I was talking to an IT headhunter the other day who’s been slaving away on his YouTube channel, filling it with tutorials full of career tips that are really quite helpful, albeit woefully under-Liked.
“How do I get these things viewed?!” he wanted to know.
Well, you have to flog them on social media (yes, of course he’s doing that) and you need to make yourself available to reporters who might link to them if the content is relevant (well, duh, that’s why he was talking to me) and you could go to conferences to promote yourself (check, check, check!) OK, honestly, I don’t have a clue how to get real, authentic Likes.
Here’s what I should have told him: hop a plane to Moscow, head downtown to the Okhotny Ryad shopping center, and buy yourself some love from this vending machine:
Russia takes the worst excesses of capitalism to the extreme, so here’s a vending machine in a mall for buying Likes for your Instagram pics pic.twitter.com/ZZt189opgd
— Alexey Kovalev (@Alexey__Kovalev) June 5, 2017
As Motherboard reports, the vending machine was first spotted by journalist Vasily Sonkin and posted to Twitter by his colleague Alexey Kovalev.
Kovalev said these are for real: he’s seen a couple of the machines across town, and he told Motherboard that he’s heard that they can be found in other Russian cities.
Oh, shoot, hang on: I don’t think my friend will have any luck trying to spend his rubles on fake Likes for YouTube. The vending machines apparently sells fake Instagram Likes, as well as fake Likes and followers for VK, the Russian version of Facebook, also known as Vkontakte.
For the low, low price of 50 Russian rubles ($0.88), your Instagram artistry will get boosted by 100 fake Instagram Likes from what one Twitter wit called the “troll farm in a box.” Feeling spendy?

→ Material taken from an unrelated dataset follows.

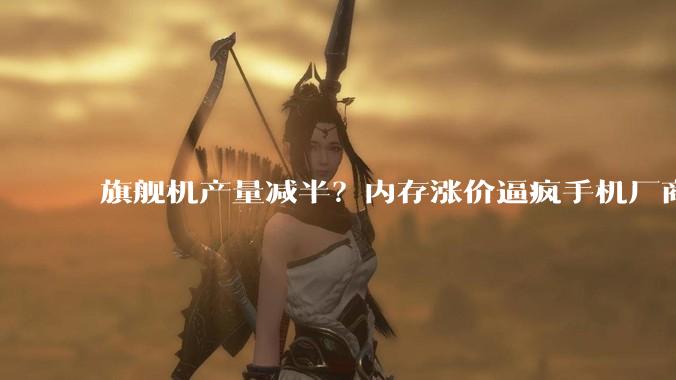 旗舰机产量减半？内存涨价逼疯手机厂商：终于圆了「摸高梦」了_价格_小米_机型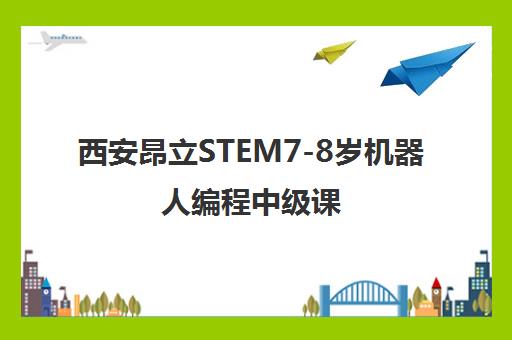 西安昂立STEM7-8岁机器人编程中级课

Double your money, and $1.77 will get you 100 Instagram followers. All that, and you don’t even have to emerge from the mole-like experience of the underground shopping center, Motherboard’s Louise Matsakis points out.
While you’re buying your feelies from the box, you can also satisfy other urges: the vending machine can also take your selfies and print Instagram photos.
Wait. Is this fake news? As one Twitter commenter pointed out, there’s one, lonely image of the vending machine floating around. Kovalev didn’t document it to ascertain whether the thing actually works, but he’s promising to take a video and post it soon.
He told Motherboard he was too awe-struck to document the box when he first saw it:
First time I saw it I was so baffled that I forgot to snap a pic.
OK, so maybe the acquaintance who’s hungry for YouTube love is out of luck vis-a-vis the Moscow trip. But he needn’t despair: he can always go to the fringes of the internet to buy what he’s after.
For example, as Kovalev subsequently posted, there’s far more your money can buy you than this rinky-dink bunch of vending-maching Likes:
Instalike vending machine is for cheapskates. For $850 you can buy 150,000 followers guaranteed to deliver up to 1500 Likes to each post. pic.twitter.com/5V3HTQ4kfl
— Alexey Kovalev (@Alexey__Kovalev) June 6, 2017
And as social media platforms such as Facebook know all too well, there are scads more places to obtain warm ‘n fuzzy: it can be had via malware, compromised accounts, duped users or purchased bulk Likes. Also, Mashable reported recently, fake Likes are closely tied to fake news: those who spread it “are known to use ghost accounts and bot traffic to juice their numbers for advertisers,” it said.
We know that because of a recent Facebook investigation. In April, the social media giant announced it had deleted 30,000 fraudulent accounts in France ahead of the country’s presidential election.
At the time, Mashable reports, Facebook said that it had spent six months investigating one scheme wherein fraudsters used various technical tricks to mimic human behavior, such as running traffic through proxies to make it seem like the accounts were spread across Asia and the Middle East instead of via a centralized data center.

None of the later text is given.